● ABOUT THIS EXERCISE
From the line that holds "Tank 500 2023" to the end of the records, reproduce every line exactly. No pictures.

[EXERCISE DATA Boundary: Start]

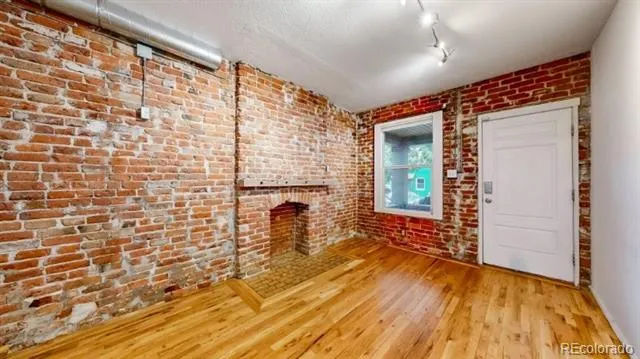 2738 Downing Street Denver, CO 80205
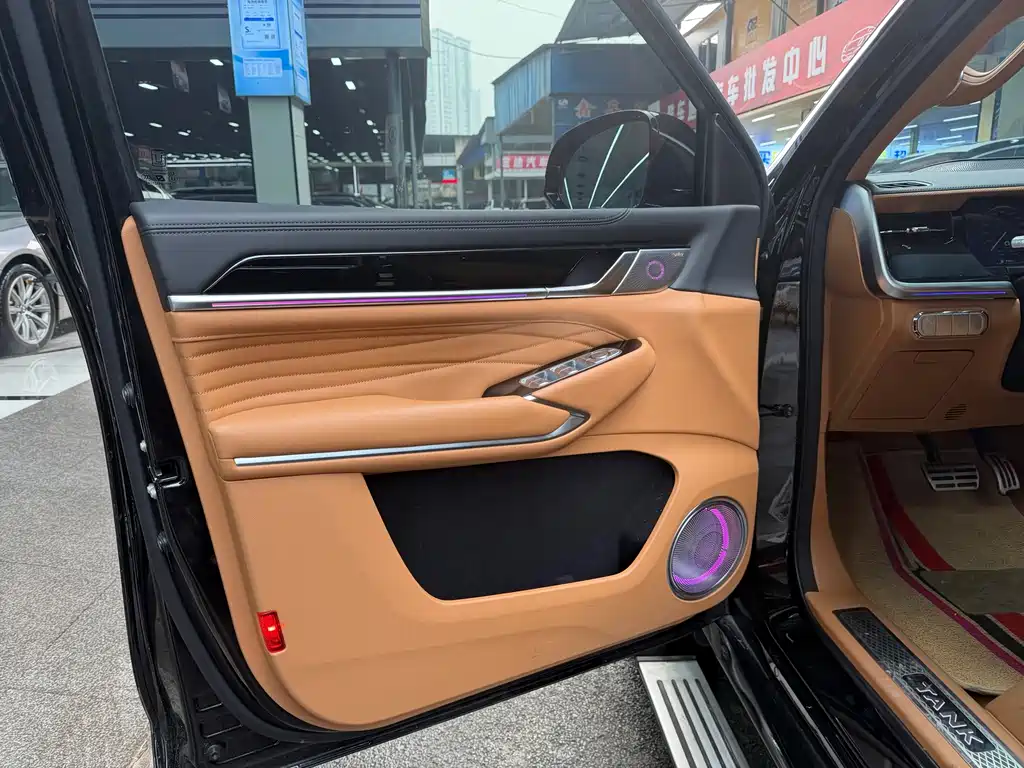 Tank 500 2023 3.0T Sports Edition Peak Type 5 Seats купить на сайте DeffCars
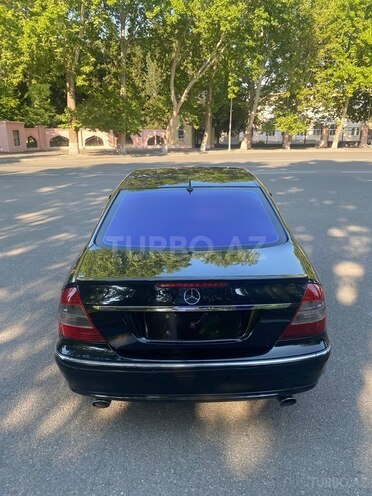 Mercedes E 280-2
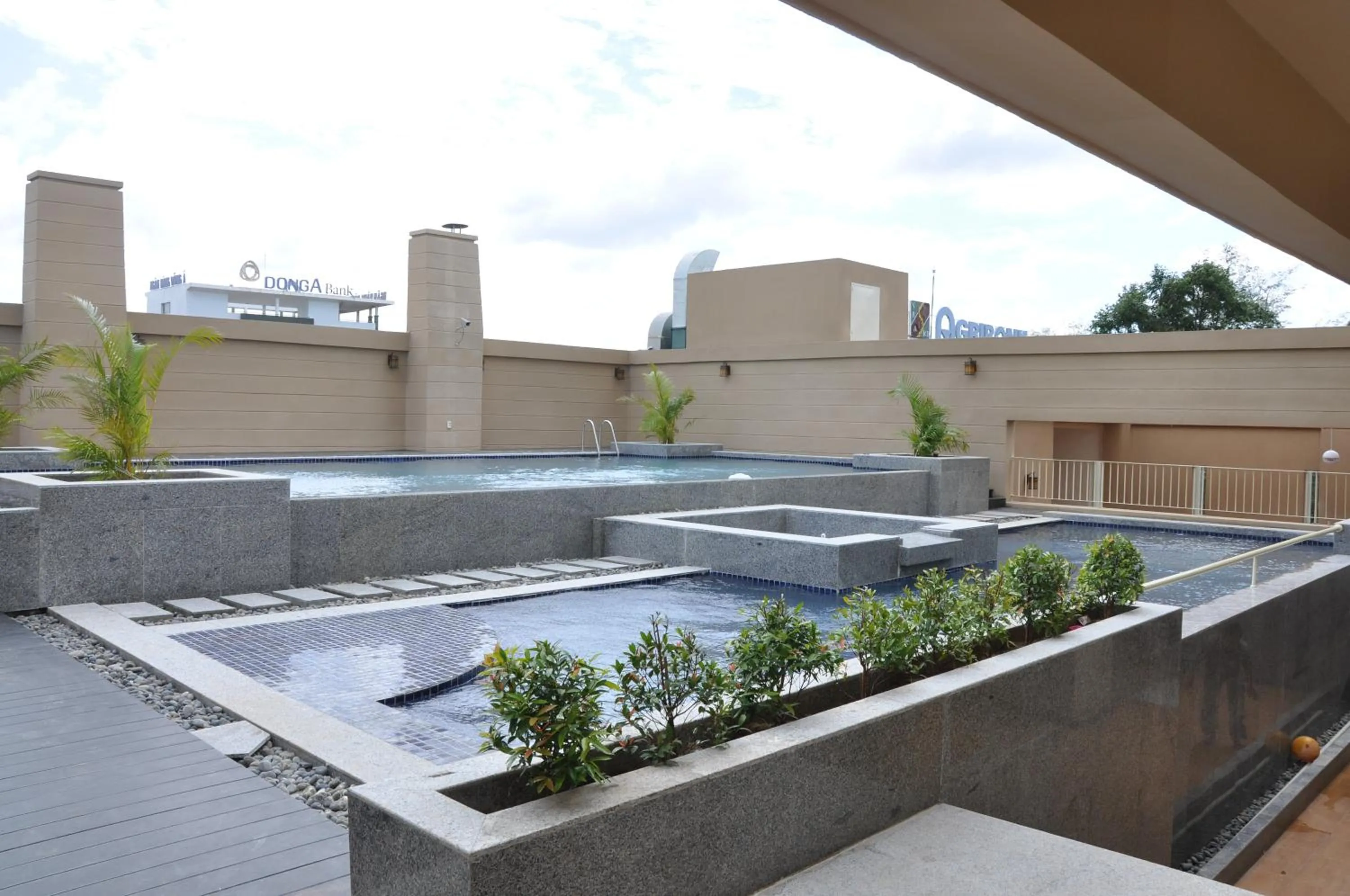 Swimming pool in Sai Gon Ban Me Hotel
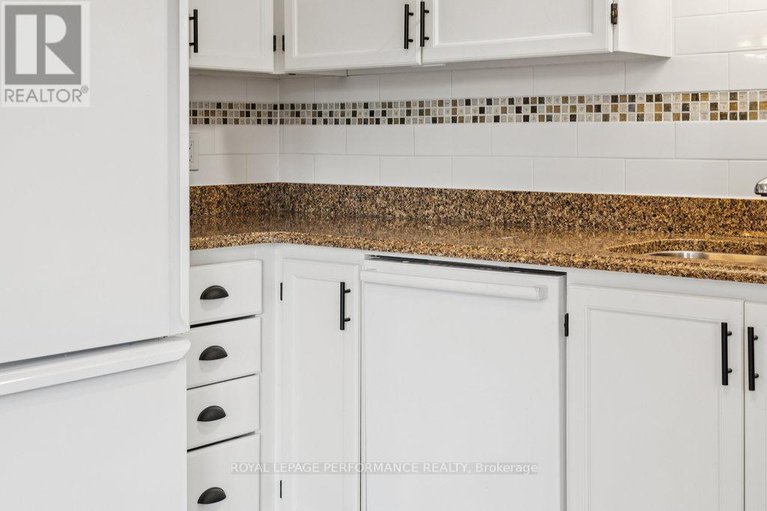 29029572/8-gillespie-crescent/hunt-club-woods/ottawa/ontario/K1V9X8_21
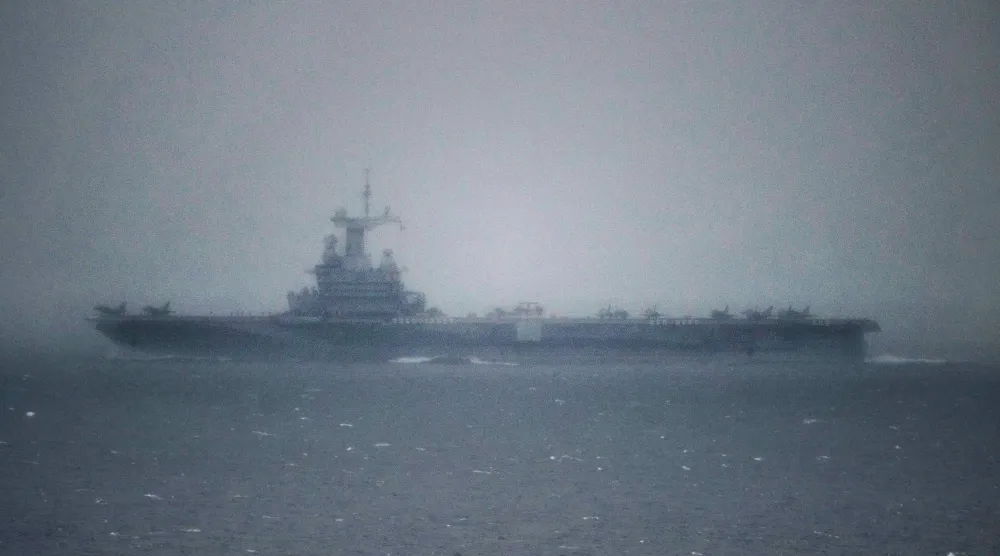 حاملة الطائرات الفرنسية «شارل ديغول» وهي تعبر مضيق جبل طارق قبالة سواحل طريفة جنوب إسبانيا (أ.ف.ب)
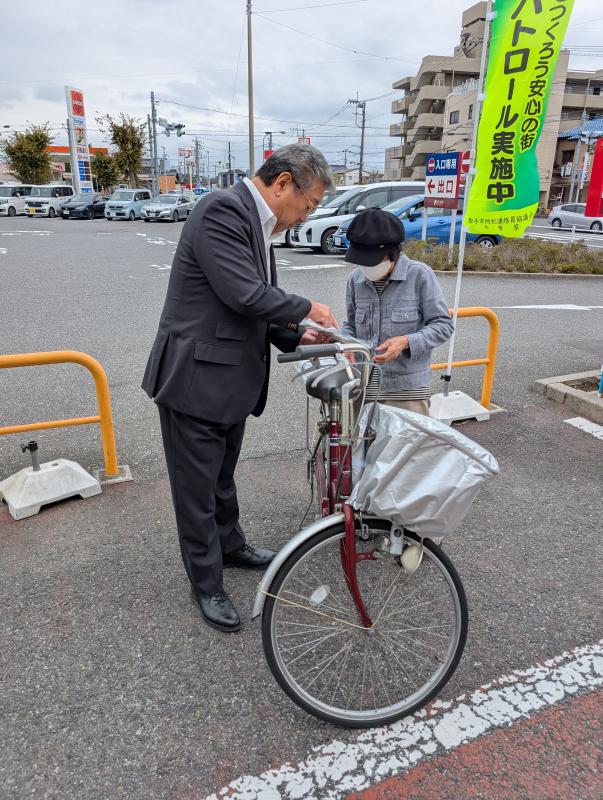 自転車の前で説明を受ける女性と説明する男性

[EXERCISE DATA Boundary: End]

● OUTPUT BELOW
 Tank 500 2023 3.0T Sports Edition Peak Type 5 Seats купить на сайте DeffCars
 Mercedes E 280-2
 Swimming pool in Sai Gon Ban Me Hotel
 29029572/8-gillespie-crescent/hunt-club-woods/ottawa/ontario/K1V9X8_21
 حاملة الطائرات الفرنسية «شارل ديغول» وهي تعبر مضيق جبل طارق قبالة سواحل طريفة جنوب إسبانيا (أ.ف.ب)
 自転車の前で説明を受ける女性と説明する男性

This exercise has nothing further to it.